Die Familie Rosenthal in Höxter

Die Familie Rosenthal war wohl nur etwa zehn Jahre lang in den 1870er und 1880er Jahren in Höxter ansässig, ein Zeitraum, auf den sich auch die vorliegende Darstellung im Wesentlichen beschränkt.

Philipp Abraham Rosenthal
Philipp Abraham Rosenthal

Bereits seit dem 18. Jahrhundert sind die Familie im südlichen Münsterland verzeichnet, wo 1759 der Vorfahr Salomon Levi sowie 1776 und 1804 dessen Sohn Abraham Levi gen. Raphael genannt werden.
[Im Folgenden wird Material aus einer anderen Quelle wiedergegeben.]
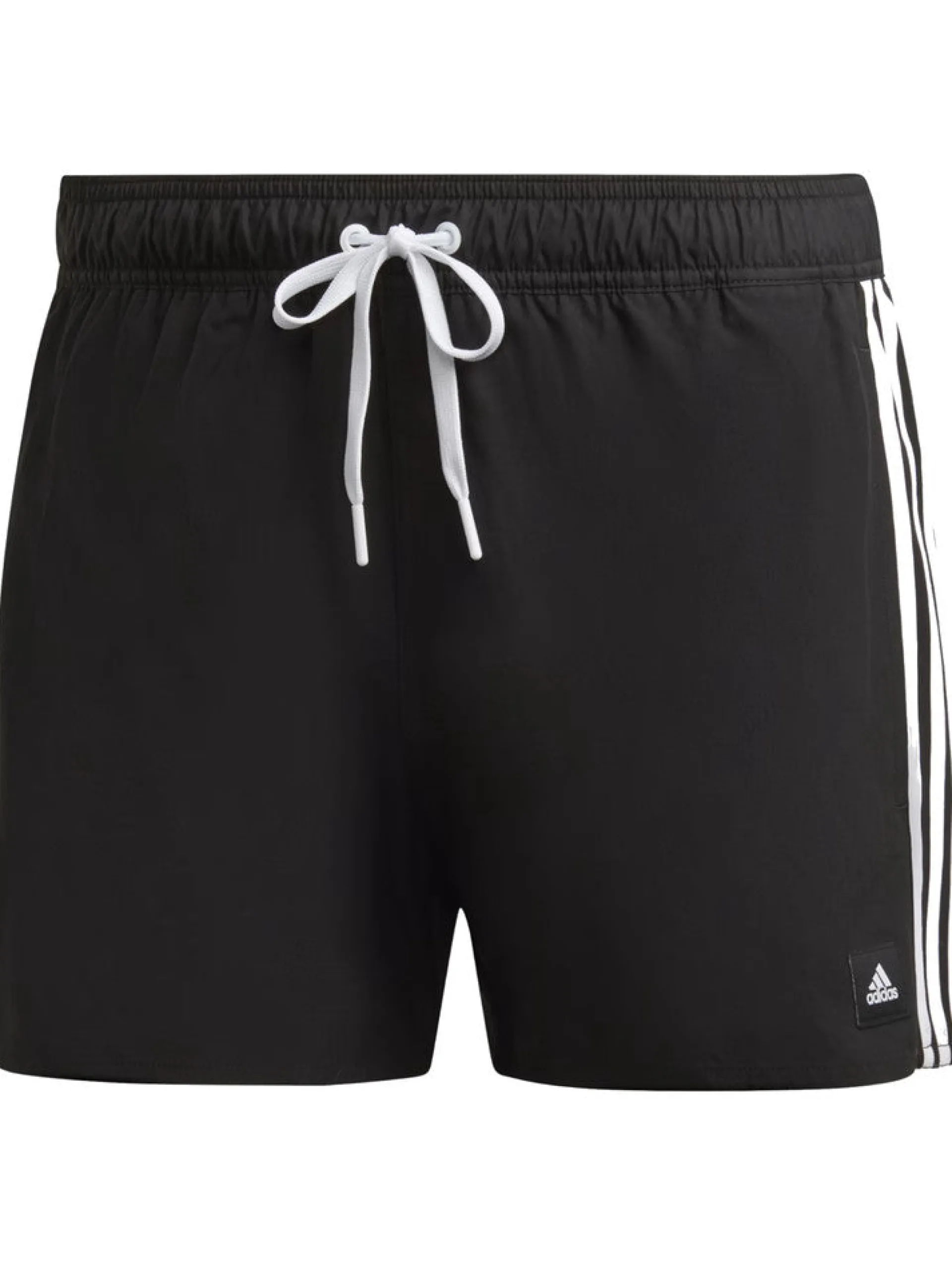 ADIDAS EQUIPMENT Boxer*Costume Adidas nero da uomo con le iconiche 3Stripes HT43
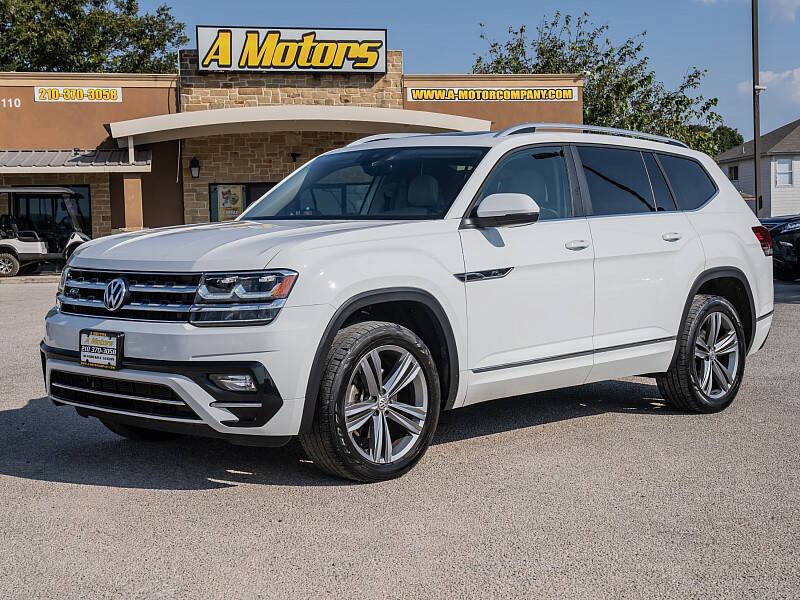 2019 Volkswagen Atlas V6 SE R-Line 4Motion
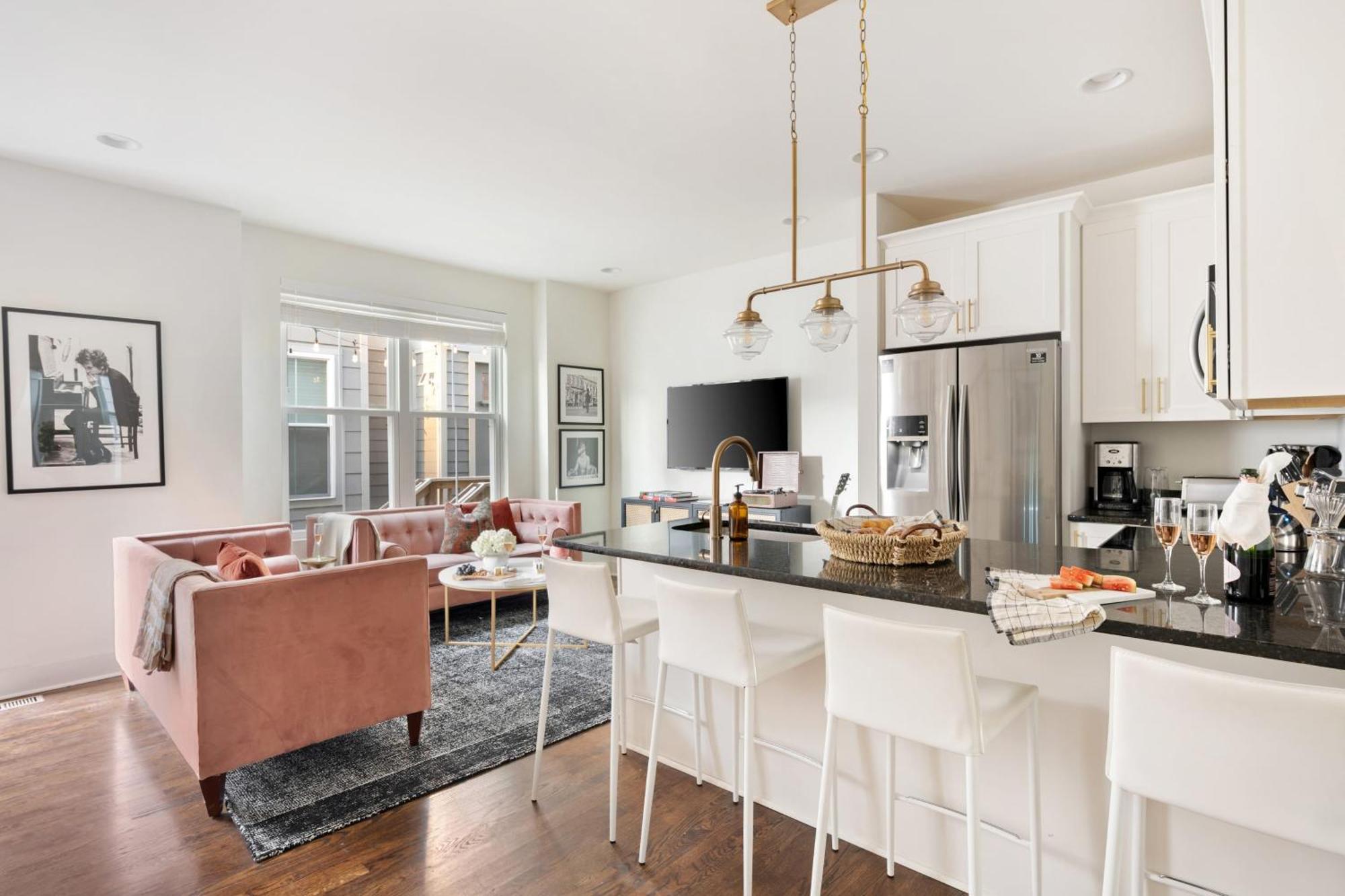 Hart Suites By Avantstay Nashville Eksteriør bilde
Dessen Sohn Philipp Abraham Rosenthal (1774–1853) wurde in Westönnen geboren und zog 1811 nach Werl, wo er „eine Ehlen- u. Spezereiwarenhandlung (Tuch- und Gewürzwaren)“ eröffnete und 1826 um eine Baumwollweberei erweiterte.
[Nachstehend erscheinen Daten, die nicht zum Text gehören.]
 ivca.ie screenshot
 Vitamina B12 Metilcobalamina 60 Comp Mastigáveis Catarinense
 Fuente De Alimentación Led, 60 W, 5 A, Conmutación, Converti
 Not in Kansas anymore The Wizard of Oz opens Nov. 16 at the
Er heiratete die aus Geseke stammende Sara Rosenberg (1793–1841) und hatte mit ihr acht Kinder. Ihr Sohn Abraham (1821–1902) übernahm die Weberei des Vaters und erwies sich ebenfalls als erfolgreicher Unternehmer, der mit seinen Erzeugnissen 1850 sogar auf der Leipziger Messe vertreten war. In den folgenden Jahren stellte er sein Geschäft aber um und firmierte ab 1856 in den Gewerbesteuerlisten als „Rosenthal, Abraham, Manufaktur, Porzellan- und Glaswarenhandlung.”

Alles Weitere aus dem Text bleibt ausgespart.